Un client qui coûte 50 euros à attirer au premier achat, puis dépense 500 euros avec vous en deux ans, c’est un bon client. Vous aviez raison d’investir les 50 euros.

C’est pour ça que mesurer le ROI réellement est key. Pas juste le premier achat. Toute la durée.

Chez Propuls’Lead, nous avons vu des campagnes « perdantes » le mois 1 devenir très rentables le mois 3, quand les clients reviennent.

Comment lancer malgré les doutes

Vous avez entendu ces mythes. Et peut-être vous y avez cru. Ça bloque le lancement.

Voici comment débloquer : lancer petit. 300 euros. Trente jours.

Lancez une campagne simple : un canal, un groupe d’audience, un message.

Mesurez vraiment. Combien de clics, combien de clients, combien d’argent rentrés.

À jour 30, vous savez. C’est un succès ? Augmentez. C’est un flop ? Diagnostiquez. C’est un « peut-être » ? Attendez 30 jours de plus.

Créer votre première campagne publicitaire peut se faire en deux heures. Zéro agence, zéro complexité.

Chez Propuls’Lead, nous recommandons ça à chaque PME qui doute : lancez un test. Trois cent euros. C’est le prix d’une réunion avec une agence.

Les vraies raisons que la pub digitale « échoue »

Si vous lancez et ça rate vraiment, voici les vraies raisons :

Votre site ne convertit pas. Quelqu’un arrive, voit votre site, pense « bof », s’en va. Pas un problème de pub. Un problème de site.

Votre prix est trop élevé pour ce que vous offrez.

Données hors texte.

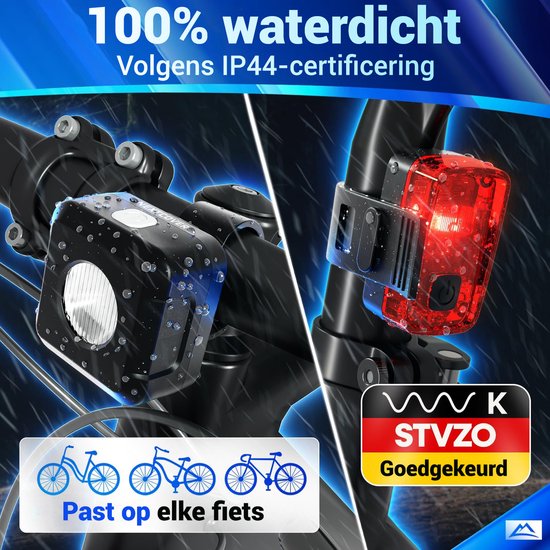 Nextcover Fahrradlicht vorne und hinten | Fahrradlicht USB-C Wiederaufladbar & IPX4 Wasserdicht | Fahrradlicht Set mit 6 Stunden Batterielebensdauer | Frontlicht und Rücklicht | Fahrradlicht LED Weiß und Rot | Fahrradlicht für alle Fahrräder | Fahrradlamp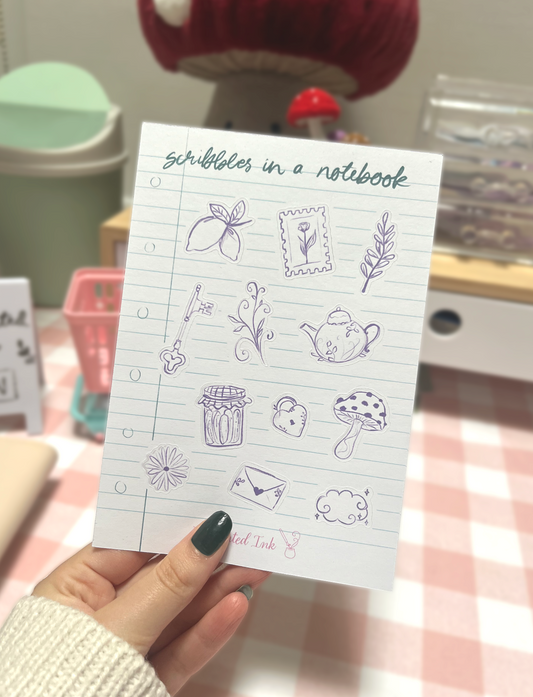 Scribbles In A Notebook Sticker Sheet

Quelqu’un voit votre produit à 200 euros, mais les compétiteurs proposent la même chose à 120 euros. Pas un problème de pub. Un problème de prix ou de différenciation.

Votre message ne résout pas de problème. Vous montrez votre produit, mais vous ne dites pas pourquoi quelqu’un en a besoin. Pas un problème de puissance publicitaire. Un problème de message.

Ces trois problèmes ne sont pas des mythes. Ce sont des réalités. Et aucun n’est une reason d’abandonner la pub digitale. C’est une reason de travailler votre offre.

Les mythes : une barrière mentale

La plupart des mythes viennent de peur. Peur de perdre de l’argent, peur de la complexité, peur de l’inconnu.

Chez Propuls’Lead, nous avons entendu ces peurs mille fois. Et une fois que quelqu’un lance, la peur disparaît.

Ils voient que c’est simple. Que ça marche. Que c’est pas une arnaque. Que les algorithmes sont vraiment bons.

Et puis ils regrettent d’avoir attendu un an.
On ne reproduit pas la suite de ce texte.